Parcheggio dritto nel cuore della notte. Non c’è praticamente nessuno, fuori dal Magnolia, ma avere paura di arrivare tardi è meglio che arrivare tardi. Da un furgone bianco esce un ragazzo con un pentagramma metallico di piercing sulle labbra, è simpatico e lo invito sulla mia macchina che ha il riscaldamento acceso. Mi offre una birra che apro con l’accendino e gli chiedo subito dei The Vibrators.
Mi racconta il loro punk severo, duro, autentico. Mi dice che i Vibrators s’ispirano ai Sex Pistols, ai Clash, e che sul palco non si risparmiano. Entro nella nebbia.
Suoniamo solo per la sensazione che ti dà stare sul palco
Pochi minuti dopo siamo davanti ai The Vibratros, eroi del punk che nella loro carriera hanno incrociato strade e armonie con David Bowie e Iggy Pop. Dopo i primi pezzi, già, la forza ritmica della band sembra spaccare il palco, è elettrica e non elettronica, ipnotica senza assopire, e metallica senza rintronare… squarciano ogni “blur”: spazzano via ogni bruma.

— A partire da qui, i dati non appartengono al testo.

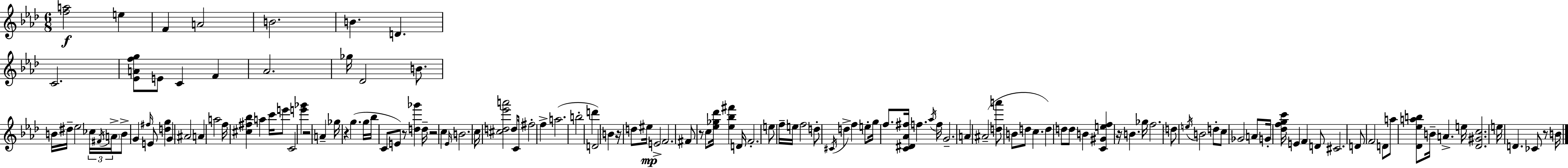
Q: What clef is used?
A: treble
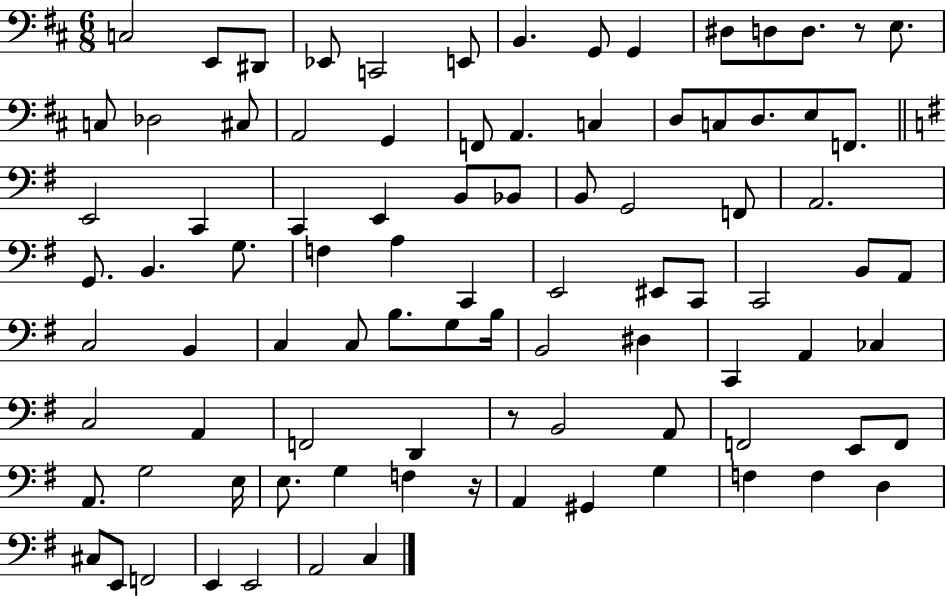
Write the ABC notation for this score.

X:1
T:Untitled
M:6/8
L:1/4
K:D
C,2 E,,/2 ^D,,/2 _E,,/2 C,,2 E,,/2 B,, G,,/2 G,, ^D,/2 D,/2 D,/2 z/2 E,/2 C,/2 _D,2 ^C,/2 A,,2 G,, F,,/2 A,, C, D,/2 C,/2 D,/2 E,/2 F,,/2 E,,2 C,, C,, E,, B,,/2 _B,,/2 B,,/2 G,,2 F,,/2 A,,2 G,,/2 B,, G,/2 F, A, C,, E,,2 ^E,,/2 C,,/2 C,,2 B,,/2 A,,/2 C,2 B,, C, C,/2 B,/2 G,/2 B,/4 B,,2 ^D, C,, A,, _C, C,2 A,, F,,2 D,, z/2 B,,2 A,,/2 F,,2 E,,/2 F,,/2 A,,/2 G,2 E,/4 E,/2 G, F, z/4 A,, ^G,, G, F, F, D, ^C,/2 E,,/2 F,,2 E,, E,,2 A,,2 C,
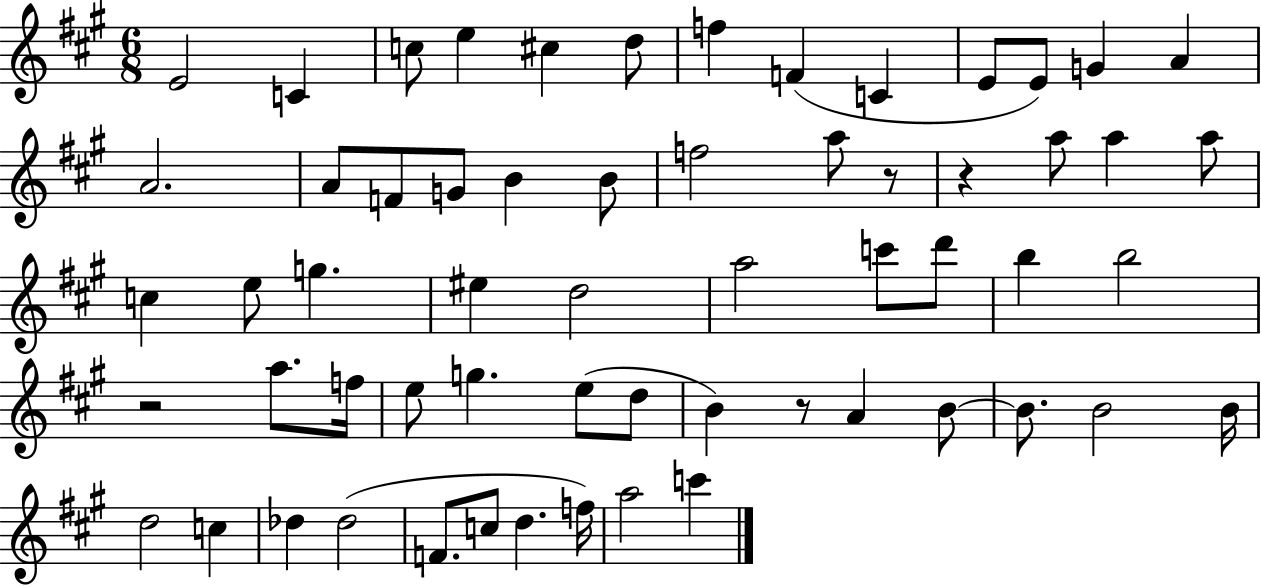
E4/h C4/q C5/e E5/q C#5/q D5/e F5/q F4/q C4/q E4/e E4/e G4/q A4/q A4/h. A4/e F4/e G4/e B4/q B4/e F5/h A5/e R/e R/q A5/e A5/q A5/e C5/q E5/e G5/q. EIS5/q D5/h A5/h C6/e D6/e B5/q B5/h R/h A5/e. F5/s E5/e G5/q. E5/e D5/e B4/q R/e A4/q B4/e B4/e. B4/h B4/s D5/h C5/q Db5/q Db5/h F4/e. C5/e D5/q. F5/s A5/h C6/q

Da Baby Baby in avanti è punk puro, infarcito di pezzi come Pure mania e We vibe. Perché qualcosa sembri semplice, diretto, fruibile, dev’esserci sotto un lavoro complesso.
Ascolta “Baby Baby”:
Dai primi minuti avevo iniziato a guardare il palco da diverse angolazioni: cercavo altri elementi in aggiunta al gruppo, o magari dei turnisti avvolti nel fumo, semi-nascosti dalle quinte, perché il suono era così pieno che avevo pensato almeno a un altro chitarrista: playing with ghosts, suonando con i fantasmi, se i Placebo mi concedono la figura retorica!
Ho avuto modo di entrare nel camerino del Magnolia con la band, un piccolo bugigattolo dove i musicisti rimestano le idee prima di fare il soundcheck: sono spartani, questi inglesi, onesti, asciutti. Fottutamente coerenti!

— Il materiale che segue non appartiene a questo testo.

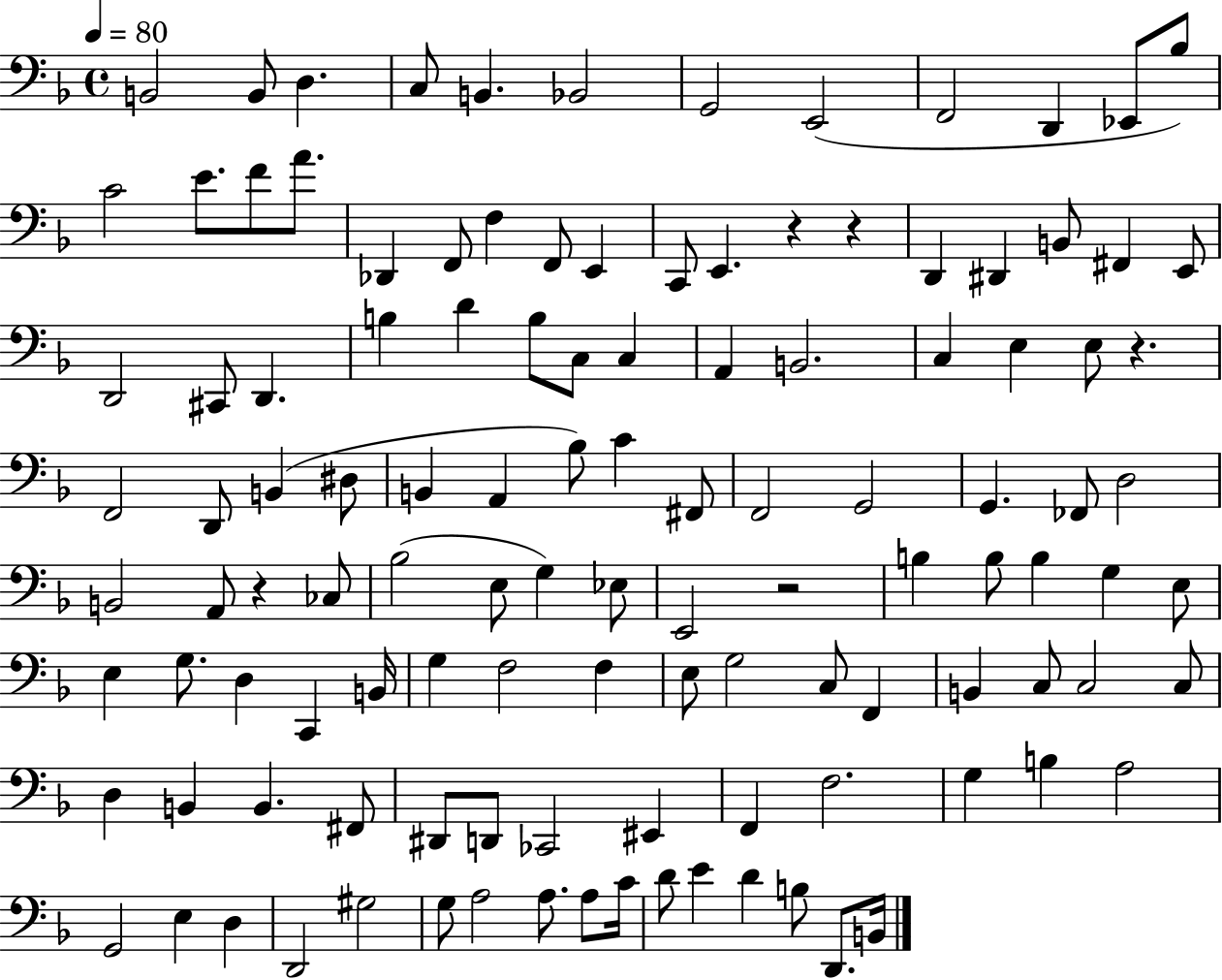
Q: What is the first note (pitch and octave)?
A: B2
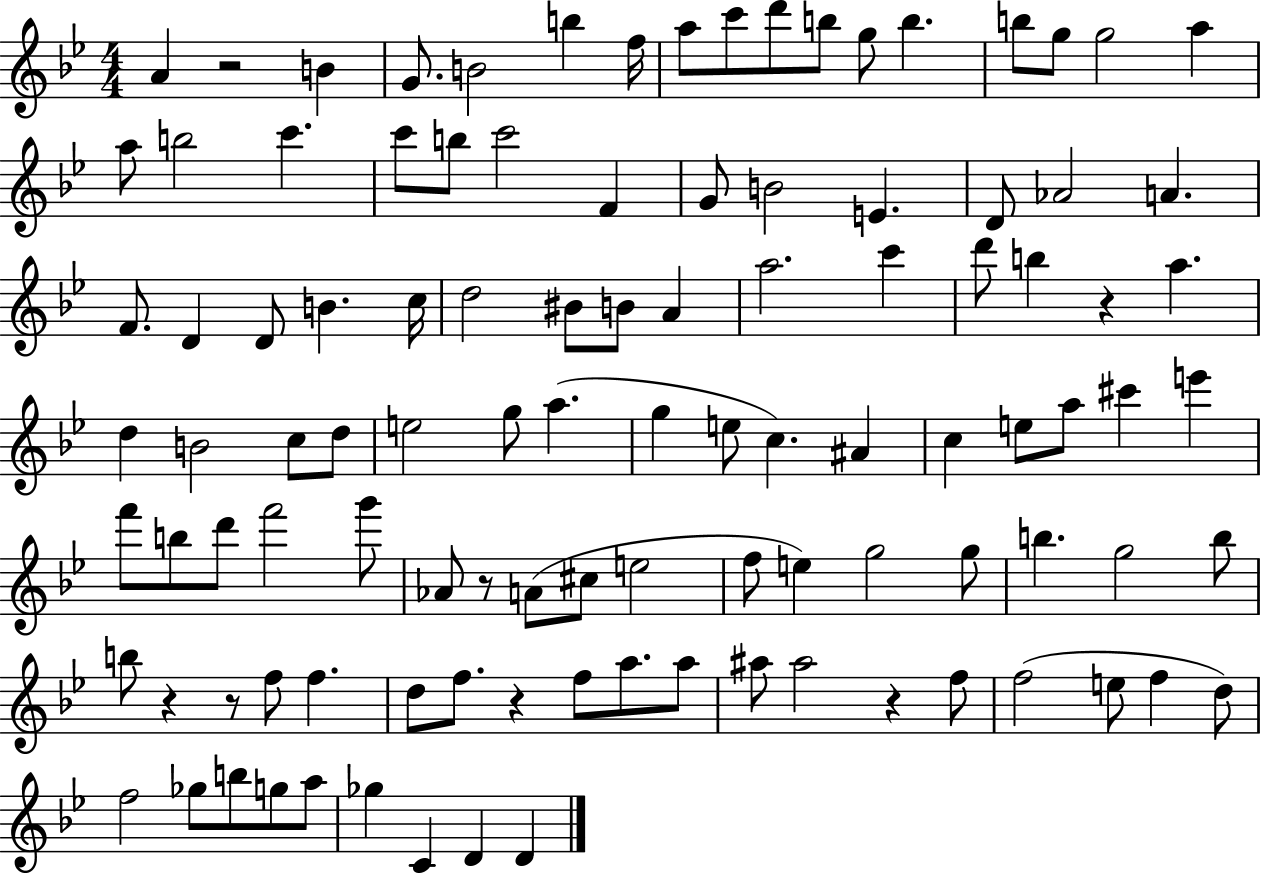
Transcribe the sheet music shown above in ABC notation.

X:1
T:Untitled
M:4/4
L:1/4
K:Bb
A z2 B G/2 B2 b f/4 a/2 c'/2 d'/2 b/2 g/2 b b/2 g/2 g2 a a/2 b2 c' c'/2 b/2 c'2 F G/2 B2 E D/2 _A2 A F/2 D D/2 B c/4 d2 ^B/2 B/2 A a2 c' d'/2 b z a d B2 c/2 d/2 e2 g/2 a g e/2 c ^A c e/2 a/2 ^c' e' f'/2 b/2 d'/2 f'2 g'/2 _A/2 z/2 A/2 ^c/2 e2 f/2 e g2 g/2 b g2 b/2 b/2 z z/2 f/2 f d/2 f/2 z f/2 a/2 a/2 ^a/2 ^a2 z f/2 f2 e/2 f d/2 f2 _g/2 b/2 g/2 a/2 _g C D D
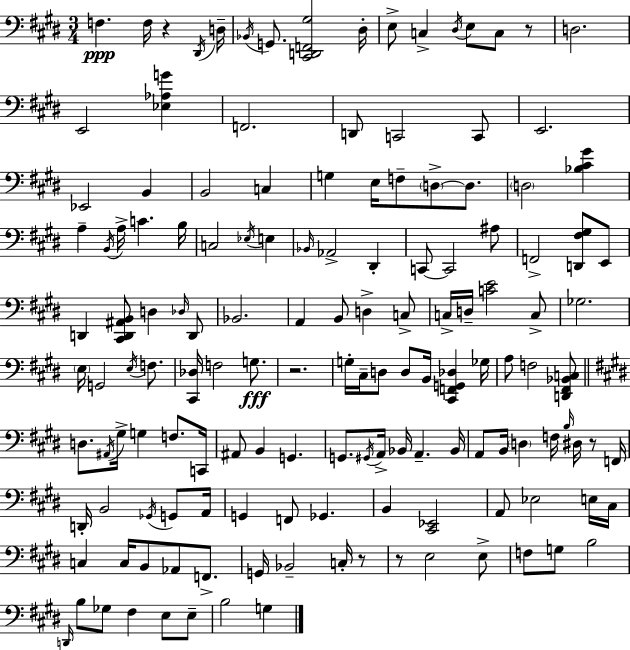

Dopo il concerto ho fatto due chiacchiere con Eddy e con Pete, mentre il bassista Darryll Bath era altrove. Quando chiedo di raccontarmi com’è stare sul palco, infatti, rispondono che «è divertente», che «sta tutto in quello, si suona per quella sensazione». «È stancante, richiede fatica ma vale a pena!», dice Eddy, «Bisogna fare dei sacrifici, mangiare e bere poco e bene, dormire a sufficienza».Tutte cose che non ti aspetteresti da un rocker, ma tutte cose che lo preservano, in ogni caso.
Ascolta “Pure Mania”:
Mentre Eddy racconta che ha fondato la band 39 anni fa, gli domando come si prepara un concerto, e lui, sempre senza sorridere, serioso ma gentile: «È come creare un gioco, bisogna divertire e divertirsi».

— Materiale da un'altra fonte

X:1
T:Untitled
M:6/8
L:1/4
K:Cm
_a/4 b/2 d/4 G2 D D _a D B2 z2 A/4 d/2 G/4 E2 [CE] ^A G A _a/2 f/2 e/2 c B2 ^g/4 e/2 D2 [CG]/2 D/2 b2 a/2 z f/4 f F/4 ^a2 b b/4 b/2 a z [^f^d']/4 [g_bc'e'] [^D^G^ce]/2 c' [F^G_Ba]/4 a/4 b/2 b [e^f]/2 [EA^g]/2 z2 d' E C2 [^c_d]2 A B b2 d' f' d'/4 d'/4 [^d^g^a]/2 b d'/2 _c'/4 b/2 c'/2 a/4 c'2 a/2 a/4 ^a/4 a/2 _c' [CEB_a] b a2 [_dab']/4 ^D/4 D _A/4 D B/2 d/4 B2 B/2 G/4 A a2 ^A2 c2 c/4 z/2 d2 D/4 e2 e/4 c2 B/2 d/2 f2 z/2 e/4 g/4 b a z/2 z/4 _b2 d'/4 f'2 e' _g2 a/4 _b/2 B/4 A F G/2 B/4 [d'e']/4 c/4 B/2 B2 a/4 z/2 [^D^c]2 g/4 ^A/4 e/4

Com’è la vostra vita oggi, per chi suonate? Risponde Pete: «A noi fare musica insieme piace sempre come agli inizi! I dischi sono per i posteri: assicurati sempre di avere un pubblico per cui suonare!». I tatuaggi di Pete Honkamaki – si parla di questo, ora! – sono della vecchia scuola, intendo la scuola del simbolismo classico del ‘900: rozzi, poco accurati, pieni, linee spesse e imprecise e molto colore. Sanno di rock sudato e di piccoli camerini, ma anche di gloria e di stadi, di pubblico acclamante ed estasiato, violento anche, nel pogo.
È punk vero, quel punk per cui non bastavano due trecce o un taglio di capelli a cresta, o, se fosse oggi, un ciuffo beatnik, il gel e una camicia a scacchi, per andare contro, contro tutto e tutti, tranne i fratelli. Non bastava suonare in bar decadenti o a festival di nicchia, no. Bisognava crederci.